> _Provided data_:
= Beginning of Section =
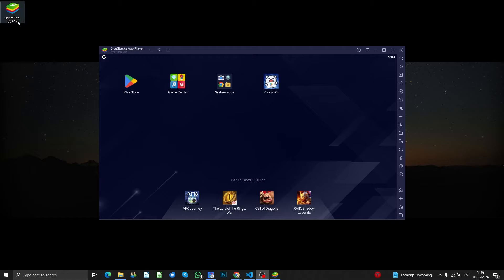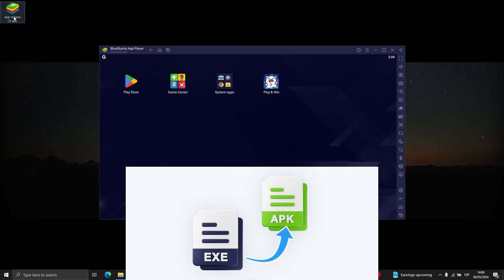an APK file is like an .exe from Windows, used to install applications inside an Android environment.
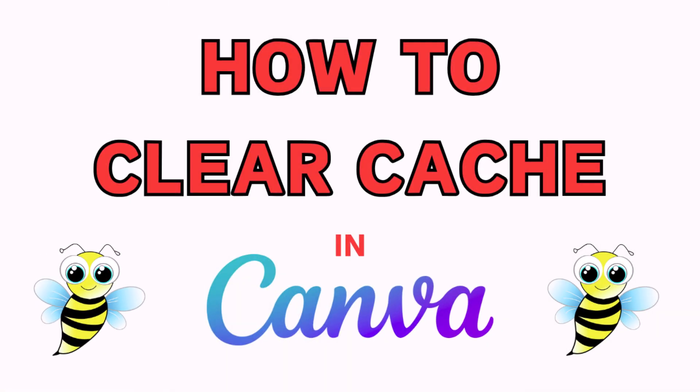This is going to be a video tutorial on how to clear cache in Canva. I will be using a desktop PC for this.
= End of Section =
= Beginning of Section =
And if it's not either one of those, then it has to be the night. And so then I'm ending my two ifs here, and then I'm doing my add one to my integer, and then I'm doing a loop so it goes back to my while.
= End of Section =
= Beginning of Section =
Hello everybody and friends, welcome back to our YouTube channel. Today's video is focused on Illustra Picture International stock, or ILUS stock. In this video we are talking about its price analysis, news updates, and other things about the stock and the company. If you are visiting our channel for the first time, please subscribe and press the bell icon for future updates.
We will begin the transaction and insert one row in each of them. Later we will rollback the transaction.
= End of Section =
> _Task details_:
Print exactly the lines above, between the one holding "Hello everybody and" and the one holding "We will begin", inclusive, and nothing besides.

> _Problem solution_:
Hello everybody and friends, welcome back to our YouTube channel. Today's video is focused on Illustra Picture International stock, or ILUS stock. In this video we are talking about its price analysis, news updates, and other things about the stock and the company. If you are visiting our channel for the first time, please subscribe and press the bell icon for future updates.
We will begin the transaction and insert one row in each of them. Later we will rollback the transaction.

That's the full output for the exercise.